Rubik by Elizabeth Tan is a book you need to sink into. A novel told through a series of short stories, it spans times, genres and characters to tell a story of trickery and tenderness. It starts with the untimely and ordinary death of Elena Rubik, tragic in its very everydayness; and as each chapter traverses science fiction, satire, fantasy, we fade in and out of different elements of the same complex story.
We leave suburban Perth in Chapter One, and Chapter Two introduces us to Pikkoro, and Tako her multi-purpose octopus. Each day Pikkoro goes to primary school while Tako knits and drives the local ice cream truck. Pikkoro is in the school play, and one day mysterious suited men appear, taking control of their teacher and their performance through an insidious powerful influence. Pikkoro won’t take it, and at her rebellion they run and she takes chase with Tako proving to be of much multi-purpose use:
“The ice-cream truck makes the leap – the giant novelty cone cracks away from the roof and plummets into the river. SPLASH! Trumpets groan. The drums fumble while the truck crunches onto the road and skids back into action. Tako leaps after the truck, and for a moment, Pikkoro, hanging onto by the handle bars, feels her poncho parachuting open, the arms streamlined perfectly for flight. Red-cheeked, lightning-eyed, so far away from school, home, the ground – Pikkoro has never felt so precariously alive.”
It is an odd and delightful complete and utter tonal shift, one that very readily sets up the somewhat false expectation of a collection of short stories, when really this is one individual piece of the puzzle given its room to breathe. After we leave Pikkoro and Tako, in subsequent chapters it emerges that these stories add up, and are telling a different tale.
The stories connect artfully, and sometimes reference to each other in a sly way. There are reoccurring characters and narratives: and a supporting character in one tale may later emerge in another fully realised; a character we are wholly introduced to may later be contextualised and our initial interpretation completely challenged by another character’s view. It is unusual and deeply intelligent storytelling.

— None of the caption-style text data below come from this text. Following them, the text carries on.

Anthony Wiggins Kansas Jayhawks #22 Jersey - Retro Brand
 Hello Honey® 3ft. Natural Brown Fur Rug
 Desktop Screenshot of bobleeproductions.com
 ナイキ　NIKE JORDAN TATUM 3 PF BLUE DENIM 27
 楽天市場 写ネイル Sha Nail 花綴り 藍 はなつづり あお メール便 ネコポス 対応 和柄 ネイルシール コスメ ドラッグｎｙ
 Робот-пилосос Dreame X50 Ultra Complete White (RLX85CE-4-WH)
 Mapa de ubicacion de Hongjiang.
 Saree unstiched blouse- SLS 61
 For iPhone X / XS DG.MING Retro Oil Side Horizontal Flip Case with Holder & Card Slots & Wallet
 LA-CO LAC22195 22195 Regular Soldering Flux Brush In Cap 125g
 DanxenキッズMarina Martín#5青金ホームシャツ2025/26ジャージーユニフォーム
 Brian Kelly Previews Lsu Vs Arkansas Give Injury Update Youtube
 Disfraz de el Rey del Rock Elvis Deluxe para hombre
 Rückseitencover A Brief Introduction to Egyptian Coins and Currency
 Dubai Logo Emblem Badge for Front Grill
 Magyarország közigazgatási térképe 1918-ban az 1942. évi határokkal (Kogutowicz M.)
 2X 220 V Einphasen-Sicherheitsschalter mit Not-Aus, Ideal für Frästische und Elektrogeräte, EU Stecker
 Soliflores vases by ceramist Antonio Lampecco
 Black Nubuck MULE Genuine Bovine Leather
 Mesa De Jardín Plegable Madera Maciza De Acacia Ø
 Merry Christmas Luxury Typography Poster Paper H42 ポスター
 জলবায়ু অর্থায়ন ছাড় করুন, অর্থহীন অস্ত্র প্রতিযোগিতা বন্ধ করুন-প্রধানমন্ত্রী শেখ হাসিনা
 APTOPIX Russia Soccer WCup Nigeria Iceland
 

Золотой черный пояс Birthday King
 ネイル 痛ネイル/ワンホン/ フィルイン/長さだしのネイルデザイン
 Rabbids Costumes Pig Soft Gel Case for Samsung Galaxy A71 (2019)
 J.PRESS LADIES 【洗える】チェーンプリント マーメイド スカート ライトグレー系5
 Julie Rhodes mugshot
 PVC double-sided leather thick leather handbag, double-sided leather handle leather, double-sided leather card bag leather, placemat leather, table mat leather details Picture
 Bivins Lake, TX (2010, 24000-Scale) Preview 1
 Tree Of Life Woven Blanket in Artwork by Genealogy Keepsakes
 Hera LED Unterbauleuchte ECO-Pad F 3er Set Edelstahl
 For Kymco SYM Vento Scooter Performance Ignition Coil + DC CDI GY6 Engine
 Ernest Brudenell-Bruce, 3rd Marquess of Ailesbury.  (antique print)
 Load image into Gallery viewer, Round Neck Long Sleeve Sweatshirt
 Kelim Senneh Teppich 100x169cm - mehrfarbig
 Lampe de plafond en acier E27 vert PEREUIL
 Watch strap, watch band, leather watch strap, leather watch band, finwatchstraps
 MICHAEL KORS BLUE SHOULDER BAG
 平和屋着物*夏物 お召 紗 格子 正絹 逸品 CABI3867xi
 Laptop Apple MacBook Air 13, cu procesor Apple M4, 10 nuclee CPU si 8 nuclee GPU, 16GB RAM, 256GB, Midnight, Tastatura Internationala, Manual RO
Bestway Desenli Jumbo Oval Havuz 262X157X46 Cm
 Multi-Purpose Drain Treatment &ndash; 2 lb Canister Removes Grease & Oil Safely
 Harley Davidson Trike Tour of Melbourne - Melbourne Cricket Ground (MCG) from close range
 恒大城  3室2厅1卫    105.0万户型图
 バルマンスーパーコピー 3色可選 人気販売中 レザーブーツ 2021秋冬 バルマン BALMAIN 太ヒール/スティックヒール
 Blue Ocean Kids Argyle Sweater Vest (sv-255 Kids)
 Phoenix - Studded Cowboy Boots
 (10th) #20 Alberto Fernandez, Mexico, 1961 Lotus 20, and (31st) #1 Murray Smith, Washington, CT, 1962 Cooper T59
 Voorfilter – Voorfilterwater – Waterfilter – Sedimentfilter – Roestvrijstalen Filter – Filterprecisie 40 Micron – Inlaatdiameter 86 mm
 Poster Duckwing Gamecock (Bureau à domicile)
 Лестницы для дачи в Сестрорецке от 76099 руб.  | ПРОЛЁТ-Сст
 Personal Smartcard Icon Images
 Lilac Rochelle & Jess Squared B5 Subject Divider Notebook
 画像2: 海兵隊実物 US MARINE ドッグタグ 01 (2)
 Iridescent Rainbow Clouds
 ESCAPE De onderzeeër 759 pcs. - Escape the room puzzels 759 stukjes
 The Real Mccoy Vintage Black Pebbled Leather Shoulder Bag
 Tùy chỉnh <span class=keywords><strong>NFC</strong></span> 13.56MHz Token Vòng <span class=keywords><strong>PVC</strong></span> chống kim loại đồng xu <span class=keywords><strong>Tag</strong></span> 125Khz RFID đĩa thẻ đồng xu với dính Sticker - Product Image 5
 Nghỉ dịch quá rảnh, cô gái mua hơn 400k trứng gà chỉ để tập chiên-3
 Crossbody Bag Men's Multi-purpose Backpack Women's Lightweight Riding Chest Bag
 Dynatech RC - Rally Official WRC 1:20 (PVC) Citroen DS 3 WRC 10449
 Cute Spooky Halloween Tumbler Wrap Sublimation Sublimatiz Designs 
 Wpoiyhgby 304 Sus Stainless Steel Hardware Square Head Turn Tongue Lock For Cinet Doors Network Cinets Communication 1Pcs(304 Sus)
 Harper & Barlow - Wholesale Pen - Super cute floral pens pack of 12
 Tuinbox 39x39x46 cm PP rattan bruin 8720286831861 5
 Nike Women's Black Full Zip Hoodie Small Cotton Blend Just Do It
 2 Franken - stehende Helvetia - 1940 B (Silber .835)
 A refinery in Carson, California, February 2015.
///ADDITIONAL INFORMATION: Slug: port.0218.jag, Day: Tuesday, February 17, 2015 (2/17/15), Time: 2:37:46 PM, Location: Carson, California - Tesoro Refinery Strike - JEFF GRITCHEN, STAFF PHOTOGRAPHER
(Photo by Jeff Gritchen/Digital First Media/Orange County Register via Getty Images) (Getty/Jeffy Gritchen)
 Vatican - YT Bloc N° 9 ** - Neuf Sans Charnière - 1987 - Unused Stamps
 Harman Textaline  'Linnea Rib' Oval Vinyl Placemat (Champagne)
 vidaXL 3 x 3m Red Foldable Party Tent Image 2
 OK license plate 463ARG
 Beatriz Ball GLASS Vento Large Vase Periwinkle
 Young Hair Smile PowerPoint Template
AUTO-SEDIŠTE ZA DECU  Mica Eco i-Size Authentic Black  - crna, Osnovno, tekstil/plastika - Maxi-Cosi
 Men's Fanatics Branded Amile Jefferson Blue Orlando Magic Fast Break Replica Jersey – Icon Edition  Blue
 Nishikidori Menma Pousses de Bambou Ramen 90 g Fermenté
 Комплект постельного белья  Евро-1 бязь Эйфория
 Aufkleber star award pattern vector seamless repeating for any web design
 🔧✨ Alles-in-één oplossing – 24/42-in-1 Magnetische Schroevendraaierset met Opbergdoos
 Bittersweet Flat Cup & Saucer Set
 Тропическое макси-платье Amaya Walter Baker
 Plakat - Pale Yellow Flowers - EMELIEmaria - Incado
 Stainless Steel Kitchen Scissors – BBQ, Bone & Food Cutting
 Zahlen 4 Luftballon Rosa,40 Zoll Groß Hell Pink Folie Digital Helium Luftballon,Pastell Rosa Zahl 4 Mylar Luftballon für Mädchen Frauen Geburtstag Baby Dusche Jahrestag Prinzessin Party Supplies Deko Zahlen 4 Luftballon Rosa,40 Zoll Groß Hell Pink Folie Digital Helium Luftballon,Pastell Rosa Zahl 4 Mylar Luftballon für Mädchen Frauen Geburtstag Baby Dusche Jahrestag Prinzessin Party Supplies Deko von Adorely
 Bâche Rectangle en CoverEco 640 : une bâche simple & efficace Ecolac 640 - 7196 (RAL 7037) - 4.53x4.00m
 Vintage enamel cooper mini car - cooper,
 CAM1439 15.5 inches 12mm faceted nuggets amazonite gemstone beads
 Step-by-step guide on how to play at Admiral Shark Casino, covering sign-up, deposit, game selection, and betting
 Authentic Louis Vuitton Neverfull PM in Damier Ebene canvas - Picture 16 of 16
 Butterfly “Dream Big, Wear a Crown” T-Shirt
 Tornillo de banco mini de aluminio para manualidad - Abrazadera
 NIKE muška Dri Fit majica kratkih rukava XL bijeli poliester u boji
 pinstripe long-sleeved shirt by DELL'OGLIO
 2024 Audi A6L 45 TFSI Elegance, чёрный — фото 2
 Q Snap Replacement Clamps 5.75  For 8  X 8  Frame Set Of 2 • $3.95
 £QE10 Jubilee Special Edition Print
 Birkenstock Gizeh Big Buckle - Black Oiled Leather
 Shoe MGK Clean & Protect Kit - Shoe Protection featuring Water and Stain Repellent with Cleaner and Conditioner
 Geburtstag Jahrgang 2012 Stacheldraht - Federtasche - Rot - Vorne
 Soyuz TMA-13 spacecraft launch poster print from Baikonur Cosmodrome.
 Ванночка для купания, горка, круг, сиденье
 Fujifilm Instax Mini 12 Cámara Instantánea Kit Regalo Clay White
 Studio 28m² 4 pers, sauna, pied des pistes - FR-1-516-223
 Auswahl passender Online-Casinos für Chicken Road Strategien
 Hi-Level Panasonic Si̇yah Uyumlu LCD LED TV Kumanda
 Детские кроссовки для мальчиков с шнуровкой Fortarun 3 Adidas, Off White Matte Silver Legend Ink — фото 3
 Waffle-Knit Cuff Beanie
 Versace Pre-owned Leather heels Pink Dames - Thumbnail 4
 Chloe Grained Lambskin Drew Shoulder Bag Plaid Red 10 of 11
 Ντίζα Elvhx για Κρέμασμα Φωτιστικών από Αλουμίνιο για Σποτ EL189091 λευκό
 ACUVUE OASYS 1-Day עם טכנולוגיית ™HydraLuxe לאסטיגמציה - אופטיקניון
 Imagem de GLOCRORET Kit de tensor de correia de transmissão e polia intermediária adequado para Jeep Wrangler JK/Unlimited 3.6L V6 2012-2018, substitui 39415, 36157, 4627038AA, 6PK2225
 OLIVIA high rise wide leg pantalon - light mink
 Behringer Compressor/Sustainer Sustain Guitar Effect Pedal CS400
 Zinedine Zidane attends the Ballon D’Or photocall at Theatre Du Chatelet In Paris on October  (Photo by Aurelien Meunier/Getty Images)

It might sound tricksy and over-engineered and while smart, Tan’s book is actually deeply compassionate and tender. Tan pivots around a general axis ensuring that while we switch tone, character, genre, the centre is simple and full of heart. There is a clear-eyed view of certain reoccurring themes in this puzzle, such as technology, consciousness, and loss. There is incredible reward for the reader as the interconnectedness is revealed, and alternate elements of the same experience are explored.
This was a creative, delightful and perplexing collection, the sum of which is greater than its individual parts. Tan’s writing is entertaining and bright, but as you progress through the world she is creating you see that it is so much more than you first think. In the end, I was enthralled.